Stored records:
==================================================

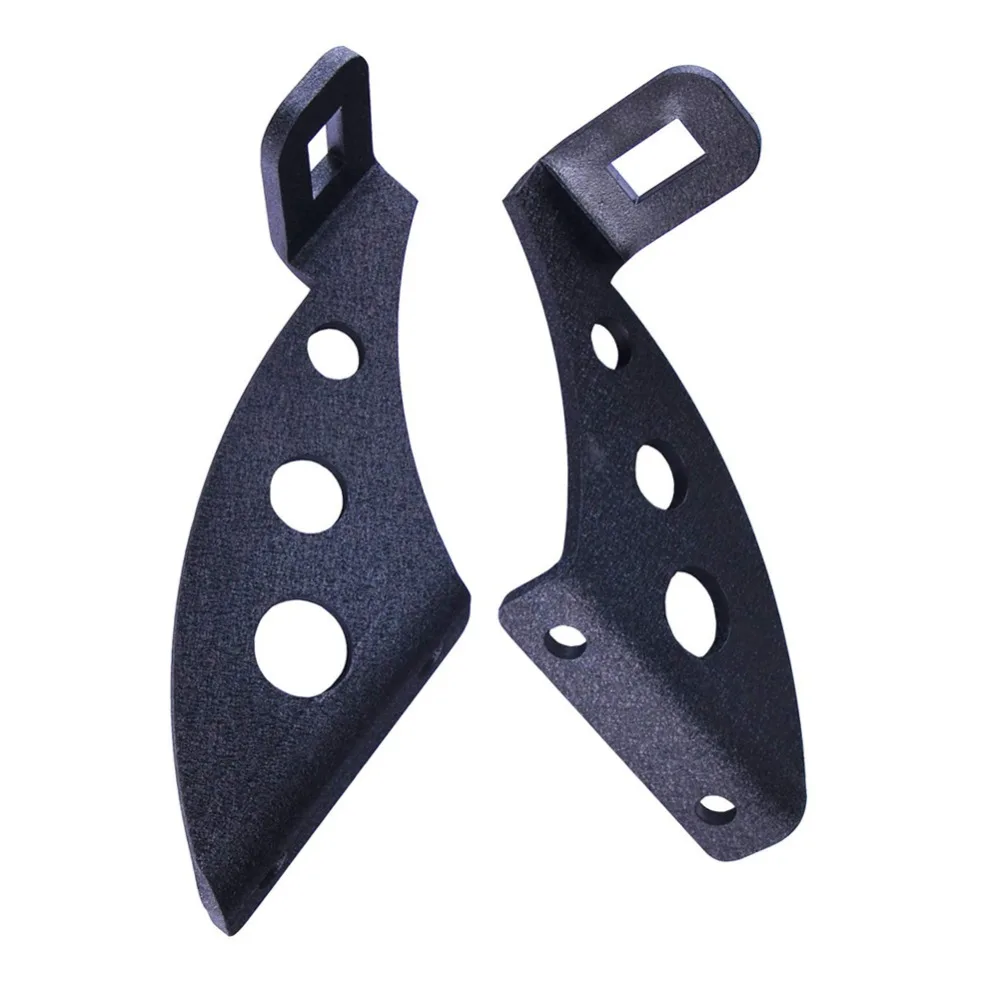 304979_no-logo_304979-1-04-g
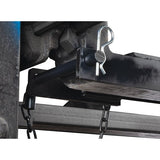 Star Industries Fork Extensions for 5" x 48" Pair 1665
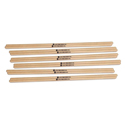 Latin Percussion Timbales Sticks 3/8 inch x 15 inch [6 pairs]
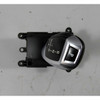 BMW F01 F10 F07 Automatic Gearshift Shifter Shift Selector Knob 2009-2010 OEM - 19812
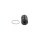 BOSCH F 026 402 306 Kraftstofffilter
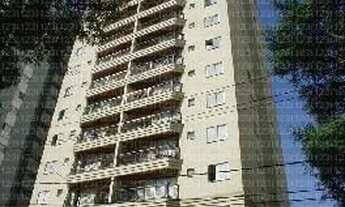 Imagem 6: Apartamento 3dorm/2vagas rua correia de lemos - 200m metrô praça arvore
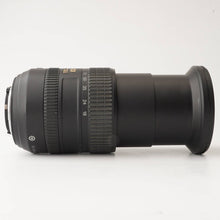 Load image into Gallery viewer, Nikon AF-S DX VR Zoom Nikkor 18-200mm f/3.5-5.6 G IF ED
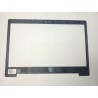 Ramka matrycy lcd Lenovo Ideapad S130-14IGM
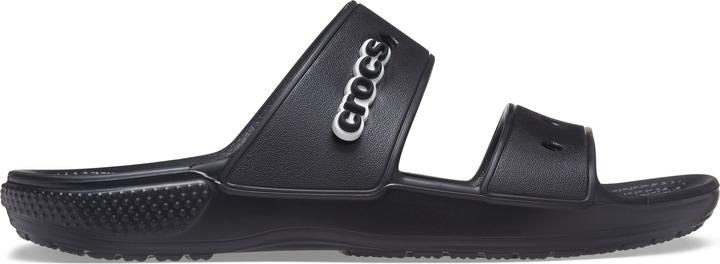 Produktbild Crocs Classic (37)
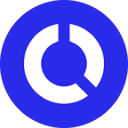 Tock logo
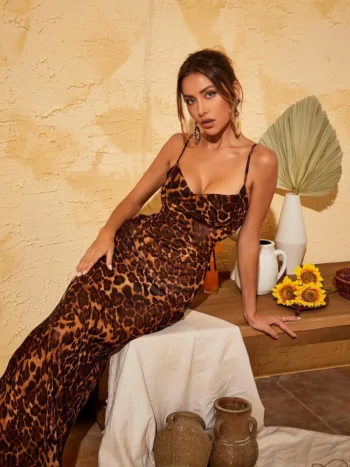 leopard-print-meaning-back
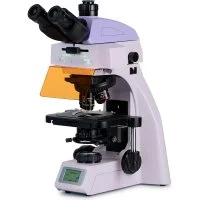 Люминесцентный микроскоп MAGUS Lum 450L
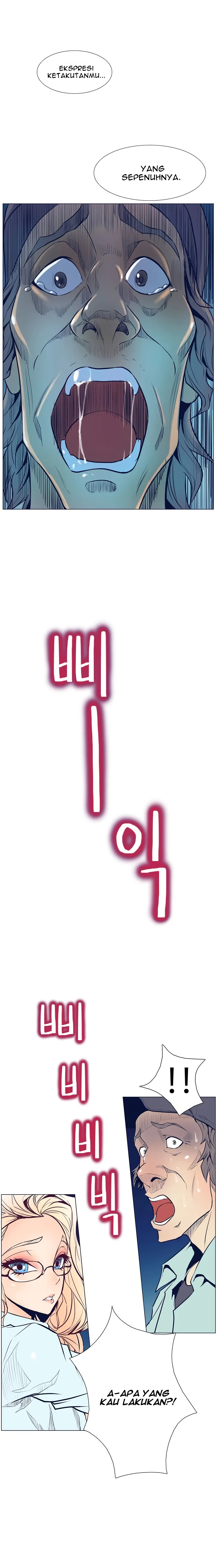 image-komik-secret-commission-chapter-06-10/19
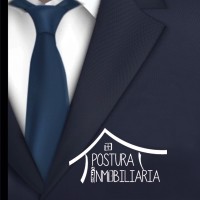 Postura Inmobiliaria logo, Postura Inmobiliaria contact details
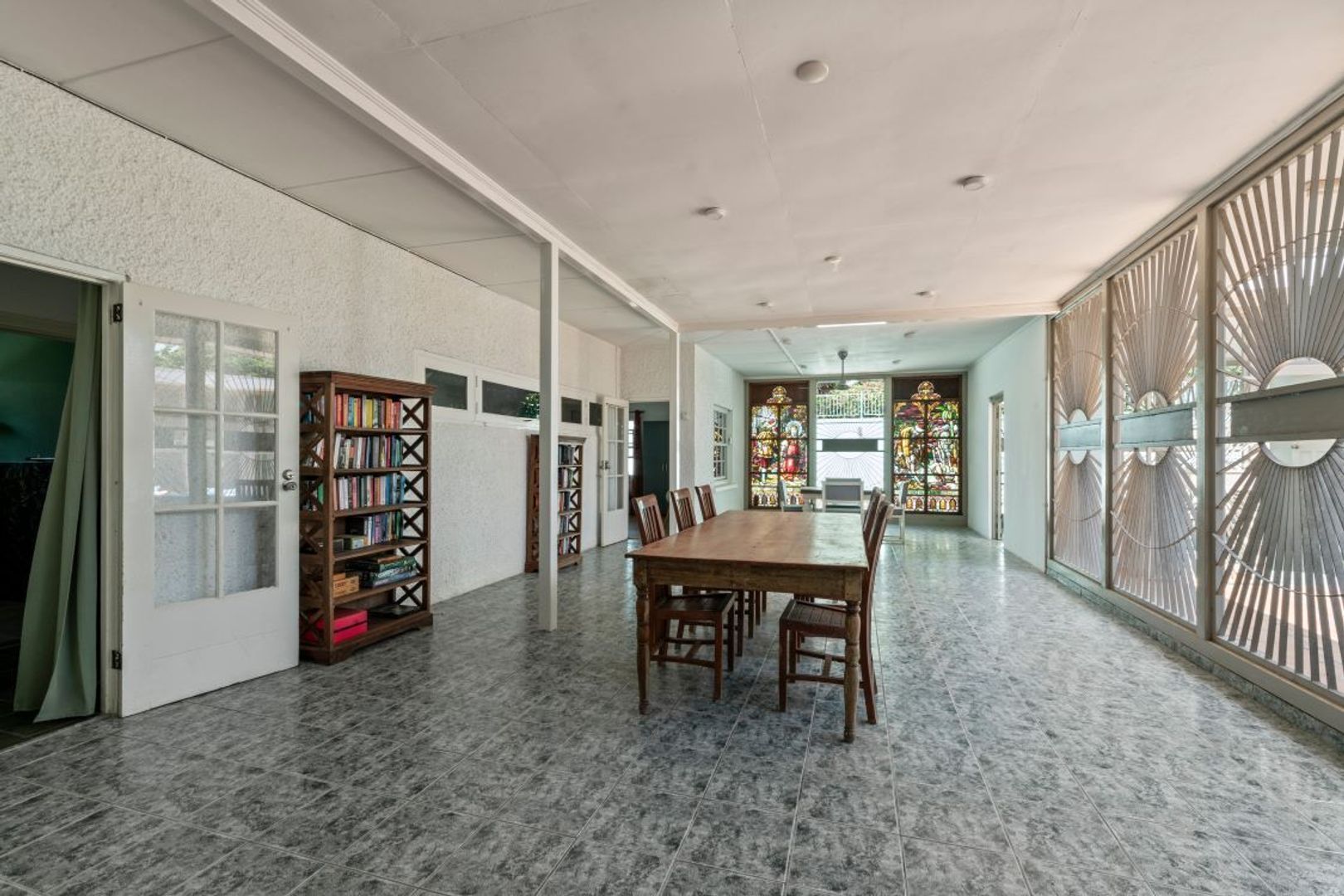 Andromedaweg 4, Curaçao foto-20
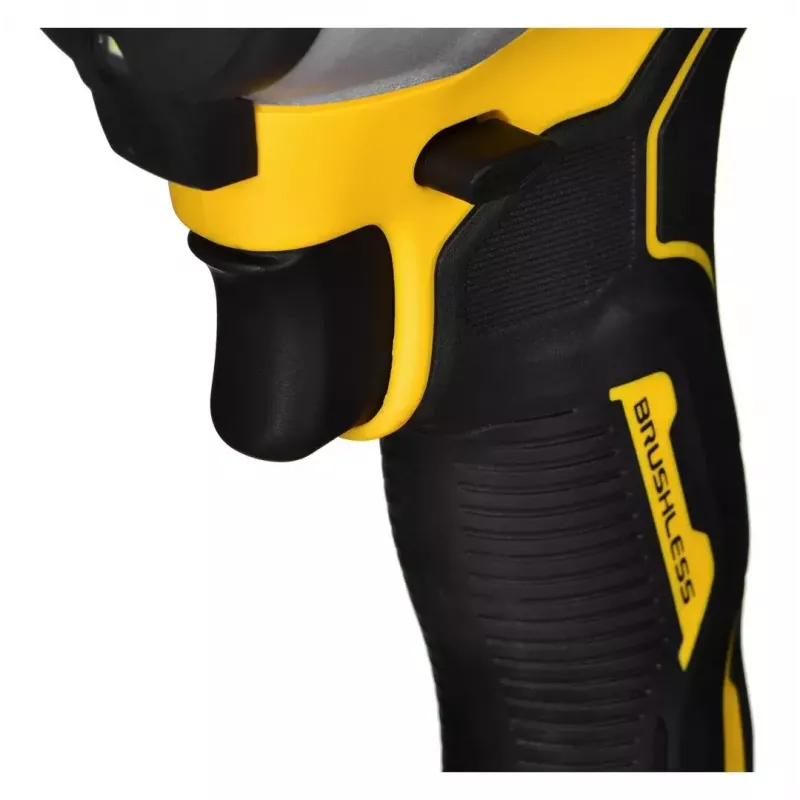 Akumulatorowa wiertarka udarowa DeWalt DCK2062D2T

==================================================

Would you write out exactly the lines of the data from the one holding "Люминесцентный микроскоп MAGUS Lum 450L" to the final line, both included, with pictures left out?

 Люминесцентный микроскоп MAGUS Lum 450L
 image-komik-secret-commission-chapter-06-10/19
 Postura Inmobiliaria logo, Postura Inmobiliaria contact details
 Andromedaweg 4, Curaçao foto-20
 Akumulatorowa wiertarka udarowa DeWalt DCK2062D2T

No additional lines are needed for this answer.